Madımak Katliamı ve 12 Eylül Davaları’nda verilen kararlardan örnek veren Aydın, şunları söyledi: “Bu kararlarda sözü edilen zamanaşımı uygulanmamasının en önemli argümanlarından biri de devletin cezasızlık politikasının gözlemlenmesi, uzun sürmesi, yargısal pasizifizm gerekçe göstermiştir. Bu dosyada çok sayıda delil vardı. Çok üst düzey tanıklar dinlendi. Abdulkadir Aygan, Mahmut Yıldırım’ın yaşadığını iddia etti. Devletin dahil olduğu bir cinayette mahkûmiyet kararı verilecekken, ısrarla birleştirmeye karşı çıkması ve dosyanın sonuçlandırılması talebi görmezden gelindi. Bu davada Musa Anter’i öldüren kişiler bellidir. Biz katilimizi biliyoruz. Devlette biliyor.

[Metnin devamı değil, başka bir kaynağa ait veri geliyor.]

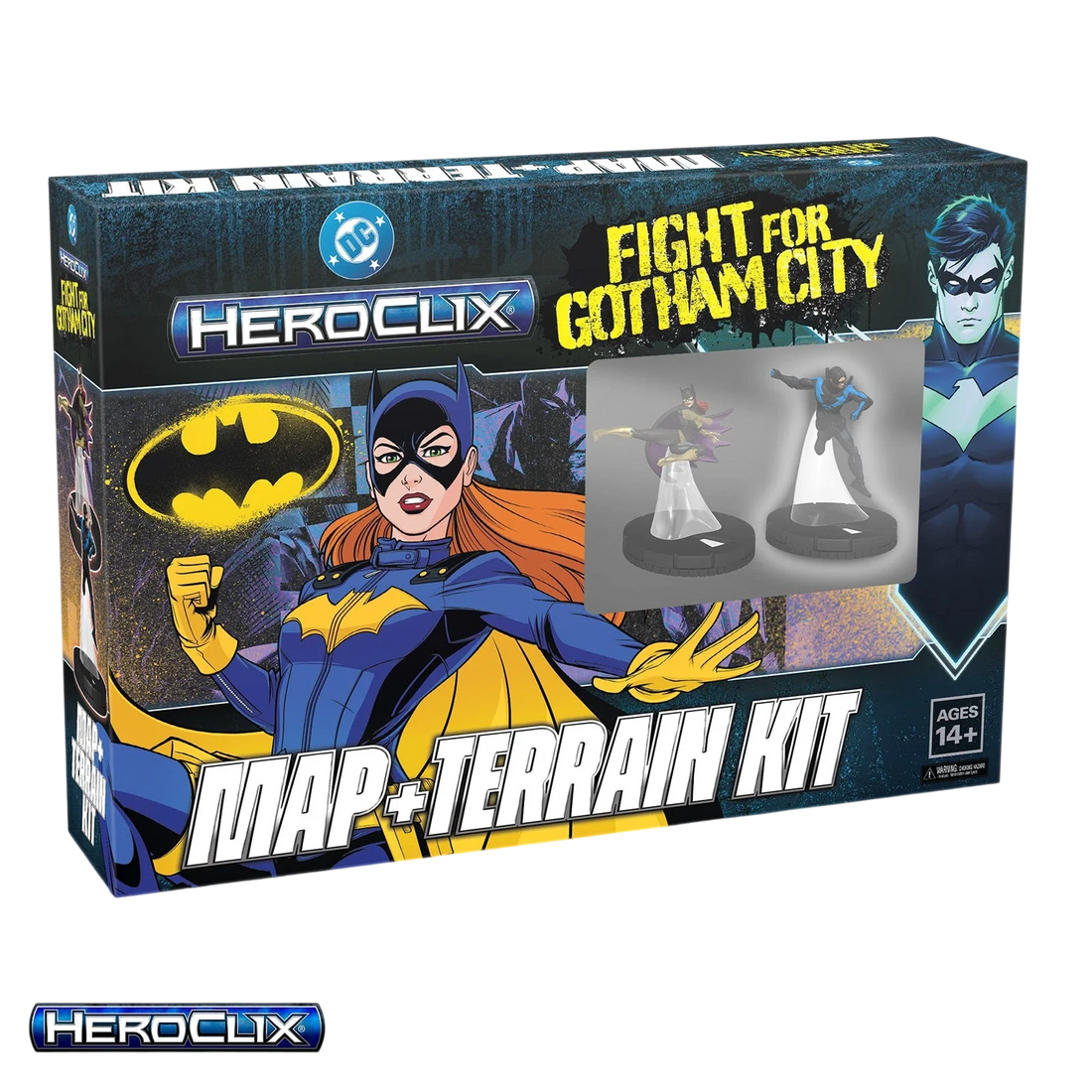 DC HeroClix: Fight for Gotham City Map and Terrain Kit (New in Box)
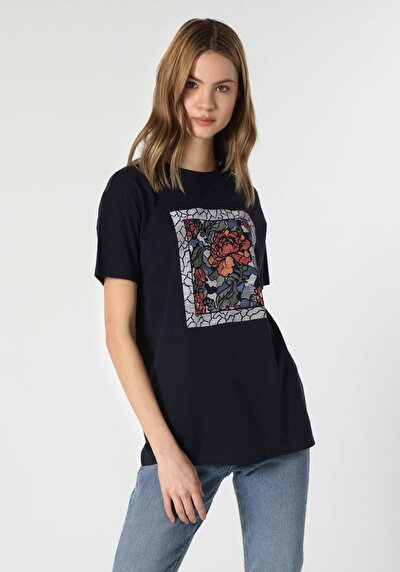 Image de T-shirt À Manches Courtes Marine Comfort Fit  Femme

Bu davada AİHMîn verdiği karar nedeniyle açılmadı. Bu soruşturma 5 yıl sonra açıldı. Davanın açılması Fettullahçı yargı mensuplarının derin devletle hesaplaşmasıydı. Devlet katilleri tek tek çıkardı. Üst düzey komutaya gitmeden, tetikçileri mahkemeler önüne çıkardı. Tetikçilere emir verenleri korkuttular, işbirliğine davet ettiler, kabul etmeyenleri tasfiye ettiler. Geldiğimiz noktada bir adalet sağlama yerine derin devlet denilen güçlerle işbirliği ve siyasi ortaklık tercih edildi. Bu dosyalar zamanaşımı ile karşı karşıya bırakıldı. Cezasızlık sürecinde rol alan herkese bedelini ödetmeye çalışacağız. Adaleti bulacağız.”
 
AKP’Lİ MİROĞLU GELMEDİ AMA MEKTUP GÖNDERDİ 
 
AKP’li Orhan Miroğlu’nun avukatı Serhat Menzilcioğlu da hazırladığı yazılı savunmasını okudu. Menzilcioğlu, katılan vekillerinin ithamlarına dair de Miroğlu’nun yazılı gönderdiği mektubu okudu. Miroğlu, mektubunda 30 yıl boyunca adalet aradığını öne sürerek, PKK’yi cinayetin merkezinde olmakla suçladı. MİT eski Kontrterör Dairesi Başkanı Mehmet Eymür, dosya kapsamında tanık olarak dinlendiğinde, AKP’li Miroğlu’nu devlet ajanı “Tayfun” olarak tanıdıklarını söylemişti. 
 
KATILAN AVUKATLAR TEPKİ GÖSTERDİ
 
Katılan olan Miroğlu’nun beyanlarının mektupla gönderilmesine müşteki avukatları tepki gösterdi. Mektubun okunmasının usule uygun olmadığını dile getiren avukat Nuray Özdoğan, “Bildikleri varsa gelip, anlatması gerekir. Biz tanık değil, sanık olarak dinlenmesi gerektiğini düşünüyoruz” dedi. 
 
Menzilcioğlu ve katılan diğer avukatlar arasında tartışma yaşandı. 
 
MAHKEME BAŞKANI: MEKTUP DİNLEYECEK MAKAM DEĞİLİZ
 
Mahkeme başkanı Menzilcioğlu'na, “Mektup dinleyecek makam değiliz. Mektubu tadında bırakın” dedi. 
 
Avukat Mustafa Kemal Baran, “Kendi hakkında iddiaları gelip ispat edebilir” diye tepki verdi. 
 
Avukatlar mektubun okunması sırasında salonu terk etti. İzleyicilerin bir kısmı da tepki salonu terk etti. 
 
Menzilcioğlu, müvekkilinin itham edildiğini bundan kaynaklı devam etmek istediğini söyledi. 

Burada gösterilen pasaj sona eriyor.